Это не устраивало аббата Готье, почуявшего в этой прилюдной проповеди какой-то скандал и даже какое-то святотатство, и потому он ответил отказом, распространив его даже на тайную исповедь, если ей не будет предшествовать письменное заявление о религиозных чувствах.

Вольтер, нечаянно проявив прямодушие, написал такое заявление.

— Хорошо, — промолвил аббат Готье, став обладателем драгоценного документа, — а теперь мне необходимо побеседовать об этом деле с архиепископом.

— Ступайте, — произнес Вольтер, — и желаю вам извлечь из этой беседы побольше пользы.

Аббат Готье помчался в архиепископство. Архиепископ собрал свой совет, и на нем заявление Вольтера было сочтено недостаточным.

Потребовав, чтобы Вольтер написал в присутствии нотариуса новое заявление, архиепископ лично сформулировал его текст; оно начиналось словами:

«Мы признаемся в том, что злобно хулили божественность Иисуса Христа».

Прочитав это начало, совпадавшее с тем, что Святая инквизиция предписывала заявлять кающимся еретикам, Вольтер вздрогнул от ужаса.

— Ах так! — воскликнул он. — Стало быть, ваш архиепископ хочет сжечь меня на костре?

Когда же аббат стал настаивать, Вольтер сказал:

— На сегодня вполне достаточно; не будем обагрять сцену кровью.

Он намекал на кровохарканье, которое было прекратилось, но могло возобновиться вследствие чересчур сильного волнения.
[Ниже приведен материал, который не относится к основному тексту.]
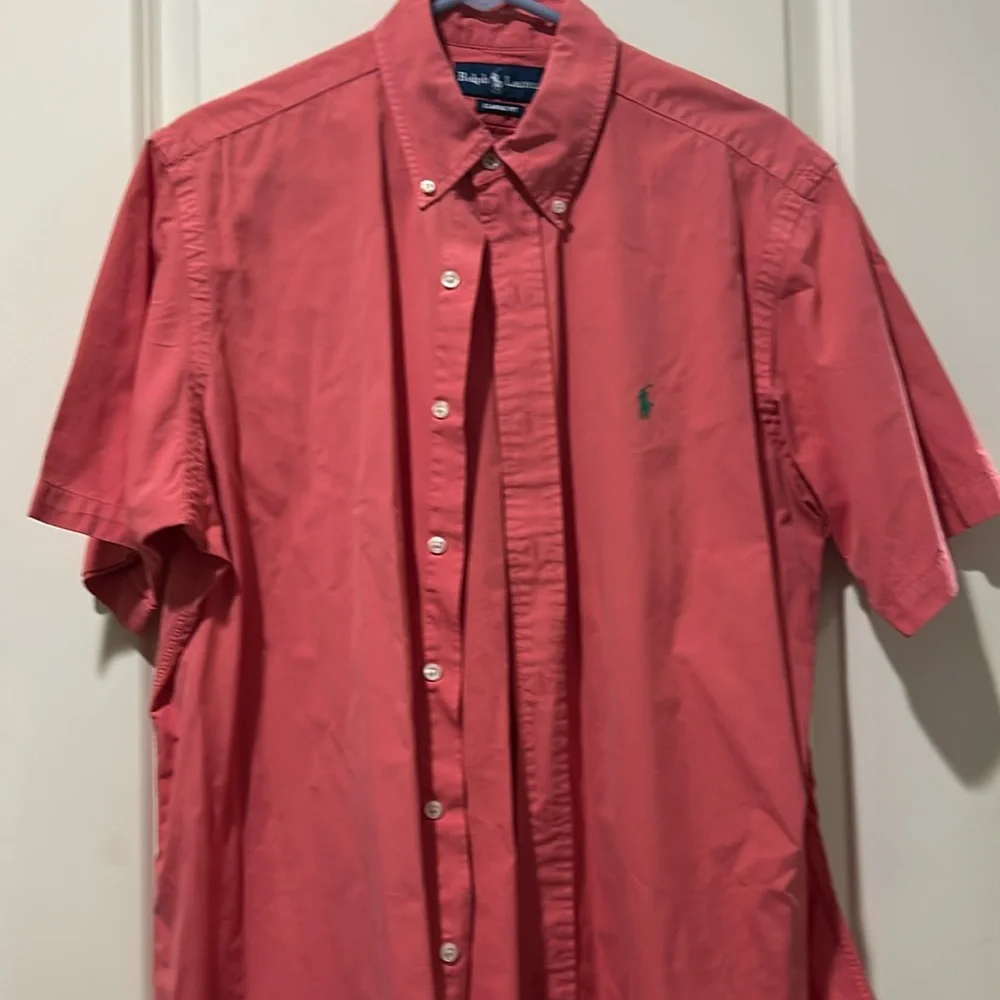 Ralph Lauren mens Classic Fit Button Down Short Sleeve Shirt size L coral pink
Аббат Готье вернулся на другой день, получил требуемое заявление и исповедовал Вольтера.

Такое смирение фернейского патриарха чрезвычайно удивило всех. Вся философская секта пребывала в возбуждении, и кое-где даже слышался ропот против верховного жреца безбожия.
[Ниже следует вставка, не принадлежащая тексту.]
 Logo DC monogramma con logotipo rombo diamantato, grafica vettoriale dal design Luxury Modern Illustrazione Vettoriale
Об этих недовольных доложили Вольтеру.

— Пусть они проваливают, — сказал он. — Будь я на берегах Ганга, мне пришлось бы умирать, держась за хвост коровы.

В течение нескольких дней все разговоры в Париже велись лишь об исповедовавшемся Вольтере и его исповеднике, и по поводу этой неожиданной исповеди было сочинено множество песенок.

На другой день репетиции «Ирины» возобновились.

Тем временем готовилось торжественное событие другого сорта: речь шла о том, чтобы принять Вольтера в масонскую ложу Девяти сестер.

Вольтер подготовился к двум этим апофеозам — литературному и масонскому, — заказав себе парадный придворный костюм, чего он не делал уже очень давно, стараясь снимать с себя домашний халат как можно реже. Наконец, в четверг 23 марта он облачился в новый наряд.

Пребывание г-на де Вольтера во французской столице было настолько важным событием для парижан, что Башомон сохранил для нас все подробности этого наряда:

«В четверг г-н де Вольтер впервые со времени своего пребывания здесь появился в парадном платье. На нем был красный камзол, подбитый мехом горностая, и огромный парик, какой носили во времена Людовика XIV, черный и ненапудренный; его длинное и исхудалое лицо настолько утопало в этом парике, что видны были лишь два его глаза, сверкавшие, словно карбункулы.

Он нахлобучил на себя красную квадратную шапочку в форме короны, непонятно как державшуюся на голове, а в руке держал небольшую трость с изогнутой рукоятью, и парижская публика, не привыкшая видеть его в таком нелепом одеянии, изрядно потешалась. Этот странный человек явно не хочет иметь ничего общего с обычными людьми».

Тем не менее премьера «Ирины» близилась, и требования автора стали проявляться весьма необычным образом. Сердясь на короля, единственного человека во Франции, нисколько не взволнованного приездом старого философа в столицу, Вольтер пожелал, чтобы вместо обычной формулировки «Французские ординарные актеры короля представят сегодня и т. д.» на афишах было написано всего-навсего «Французский театр представит…».